At the beginning of September, I had the opportunity to visit Le Corbusier’s buildings for a few days. We began with the small house he designed for his parents on the shore of Lake Geneva, then stayed for three days in the monastery of La Tourette. The trip ended with visits to La Habitation, the church in Firminy, and the steel residential house La Carte in Geneva.
The journey left me with mixed feelings. Awe, aesthetic fulfillment, and a sense of searching intertwined with an elusive feeling that something was different. I had to critically confront the enthusiasm of my professors with my own thoughts and emotions. A few days later, I gave my intuitive doubts a more concrete form. Below is a collection of thoughts, perhaps chaotic at first glance, but ones that help me shape my own path in architecture, both in my mind and in my heart, accompanied by drawings and photos from the trip.
I realized what felt wrong about Le Corbusier’s buildings.
Houses should belong to the people who inhabit them. That is why it was important for me to take part in the ritual at the church. The first evening was the most beautiful one.
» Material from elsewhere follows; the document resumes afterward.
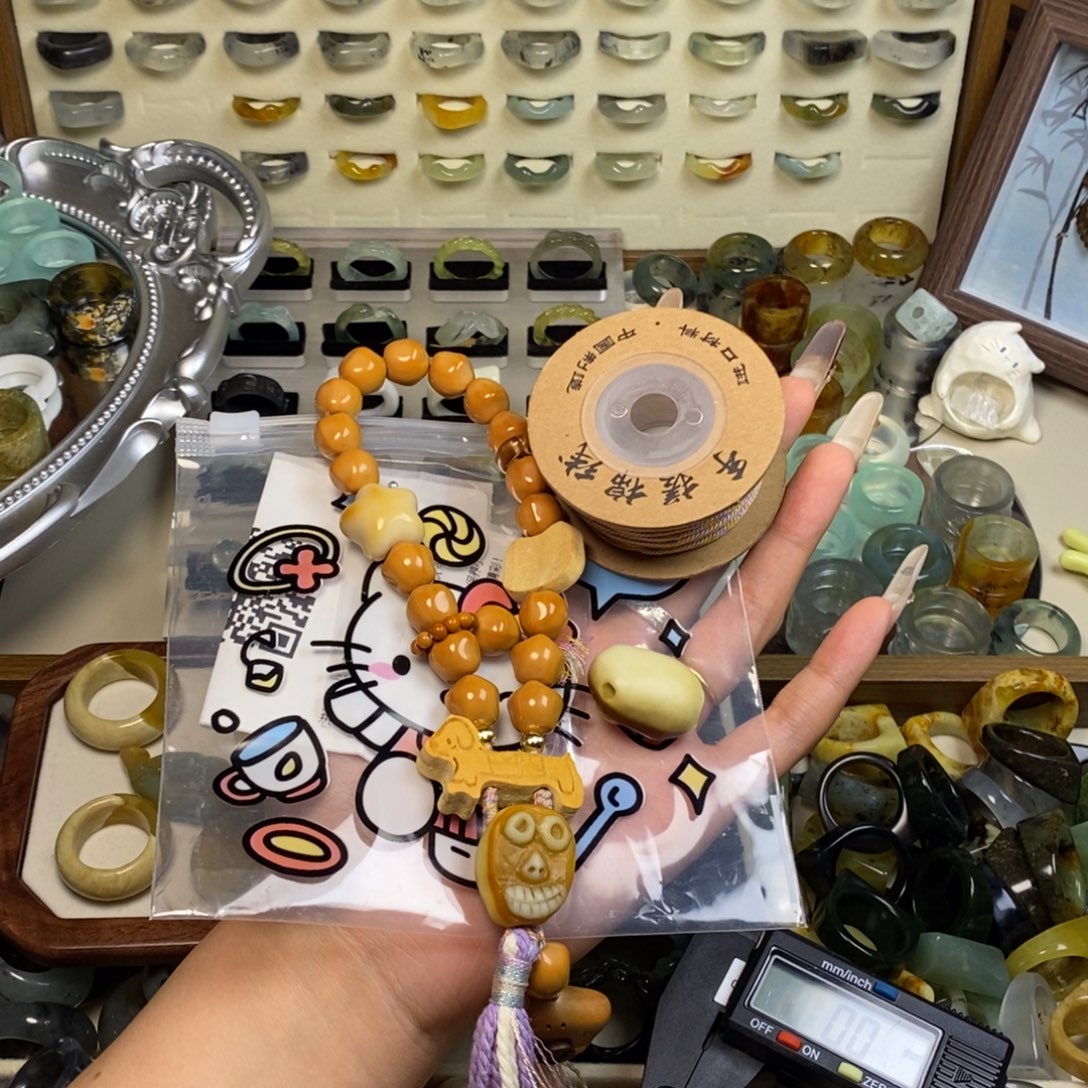 隆***咚蛇纹石玉未镶嵌吊坠(不含链)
I saw the building bathed in wonderful light – and I don’t mean only the natural one (incidentally, I never saw light like that again during the following days). That first day, the post-rain light was soft, and I felt as if it embraced the building. In the days that followed, it seemed to dominate it instead.
I was sorry that the monks had left, even though I completely understood why. 🙂 In the end, I realized that what remained in me was a faint memory of a hotel-like trip, although an exceptional one, of course. I deeply value the experience, yet I confirm to myself that I prefer a more intimate way of discovering architecture, when I have space for quiet perception, without bringing so much of my own life into it. So that I can perceive it objectively.
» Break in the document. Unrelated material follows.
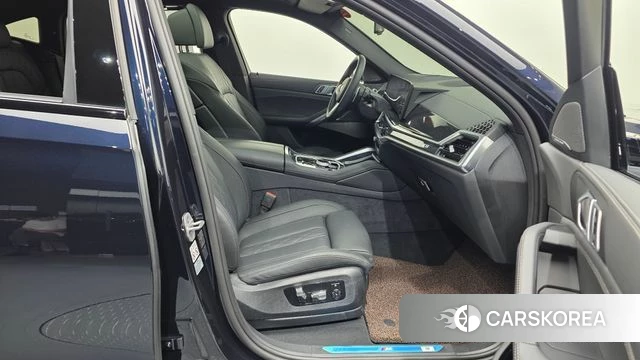 BMW X6 (G06) 2024 Черный из Кореи, фото 2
In the end, I do not think the architecture itself was at fault, rather the situation we placed it in.
Houses should belong to the people who live in them, to living people. Perhaps it sounds like a play on words, but I would rather focus solely on the building itself and not know who designed it. If a solution is right, it does not matter whether it was invented by Corbusier or Xenakis. What matters is that it is done correctly, that is the value that transcends time and can be judged.
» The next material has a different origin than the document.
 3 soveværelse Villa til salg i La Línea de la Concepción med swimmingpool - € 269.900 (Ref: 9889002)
In the case of La Tourette, for me the idea that “it should belong to people” means that, similarly to the Faculty of Architecture building by Mrs. Šrámková, there are strict rules for both inner and outer aesthetics. I think that is, in a way, a disadvantage. People tend to like it – it is easier to follow someone else’s rules than to take responsibility for your own. Of course, it is demanding, since we are “creaturely” by nature, but I think a person should have the possibility to improve things, even if the architect intended them as perfectly as possible.
Architecture makes the most sense to me as a backdrop for life, just as nature is a backdrop for living beings. That means the greatest experience for me occurs when something new emerges from the connection between architecture and the human being. And in that moment, we cease to be victims of the past or the future. How different these backdrops can become when filled with the personality of their inhabitants is shown beautifully in the example of two apartments in La Carte. At that moment, housing felt closer to me than the church. It is perhaps the most intimate thing we can share with another person through architecture.
I believe architecture is right when I feel comfortable in it at first, without knowing why, and only afterwards find it interesting. Not the other way around.
In La Tourette, every wall and every window is strictly defined, so much so that one cannot truly touch or change them. Corbusier designed an enormous number of details, all very artistic, but after several days of living in his building I felt that these details overwhelmed the overall harmony. I tend to think this was more due to the situation we placed the building in, and to us – the people who are far from its original, intended function.
“Architecture with a capital A begins only when the project gains the ability to take flight, when it frees itself from its constants, grows wings, and can evolve in other directions.”